Japon : une population digne

par Damien Personnaz
mercredi 16 mars 2011

Les images et les mots qui tentent de décrire la tragédie au Japon parlent de morts, d'apocalypse, de détresse, de panique nucléaire. Le mot qui me vient à l'esprit est : dignité. 

Les images en boucle de la télévision montre des scènes de dévastation, de peur ; apocalyptiques.

Vous les regardez sûrement comme moi dans le salon ou dans la cuisine en train de préparer le dîner. Vous les écoutez dans les embouteillages ou dans le calme de la salle de bain.

Après la tragédie de décembre 2004 qui a frappé l’Asie et une partie des pays bordant l’océan Indien faisant près de 250'000 victimes, c’est au tour du Japon, six ans après, d’être frappé par le séisme et le tsumani tant redoutés.

Les mots des journalistes dépêchés à la hâte sur place évoquent l’apocalypse, l’horreur, l’enfer nucléaire. 

Leur Premier Ministre évoque la pire catastrophe depuis la deuxième guerre mondiale, sous-entendu depuis Hiroshima et Nagasaki, la débâcle, la perte de l’honneur.
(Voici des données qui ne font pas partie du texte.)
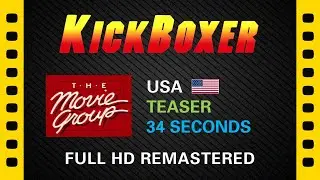 Kickboxer (1989) &ndash; 🇺🇸 Teaser &ndash; The Movie Group (USA) &ndash; Full HD [Recut & Remastered]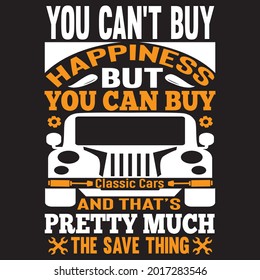 You can’t buy Happiness but you can buy classic cars and that’s pretty much the save thing t shirt design, vector file.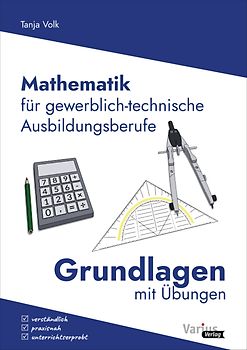 Mathematik für gewerblich-technische Ausbildungsberufe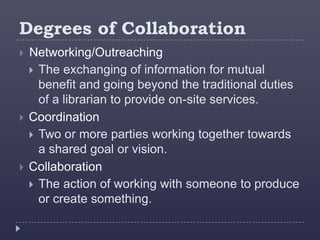 Degrees of Collaboration
   Networking/Outreaching
     The exchanging of information for mutual
      benefit and going beyond the traditional duties
      of a librarian to provide on-site services.
   Coordination
     Two or more parties working together towards
      a shared goal or vision.
   Collaboration
     The action of working with someone to produce
      or create something.
 
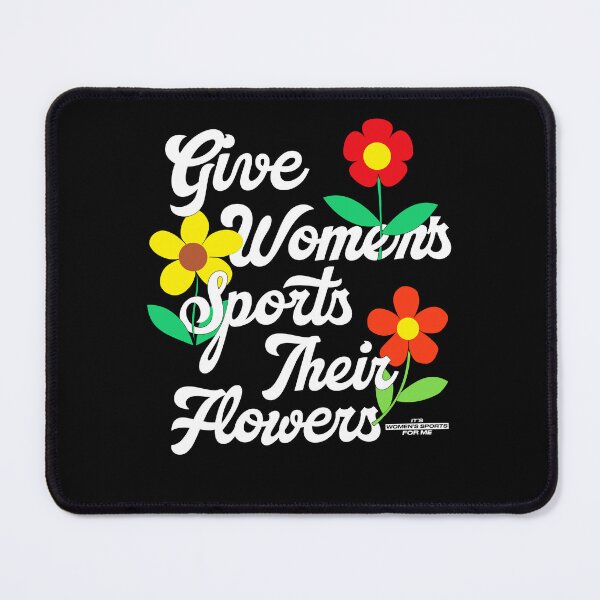 Item preview, Give Women's Sports Their Flowers Design designed and sold by cerima.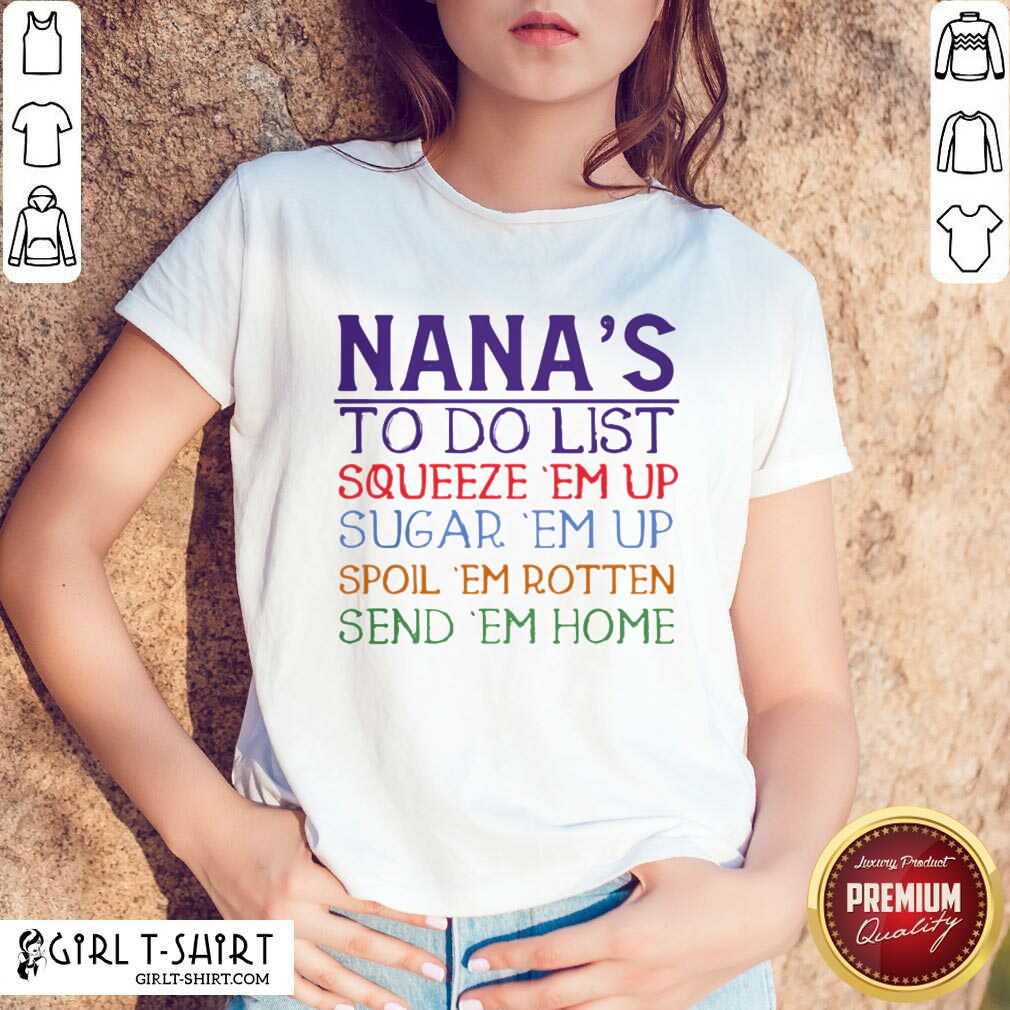 best-nanas-to-do-list-squeeze-em-up-sugar-em-up-spoil-em-rotten-send-em-home-shirt.jpg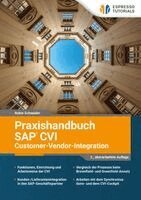 Robin Schneider - Praxishandbuch SAP CVI (Customer-Vendor-Integration), Häftad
Pourtant, je suis touché par la dignité des victimes.

Les images des survivants montrent une population meurtrie, certes, mais surtout digne, oui, c’est le mot qui me vient à l’esprit et au bout de mes doigts. Disciplinée, responsable. On la voit faisant patiemment la queue pour de la nourriture et de l’eau, dans un froid cristallin ou dans une pluie neigeuse, pendant des heures, sans rechigner.

On la voit réfréner ses larmes et ses cris.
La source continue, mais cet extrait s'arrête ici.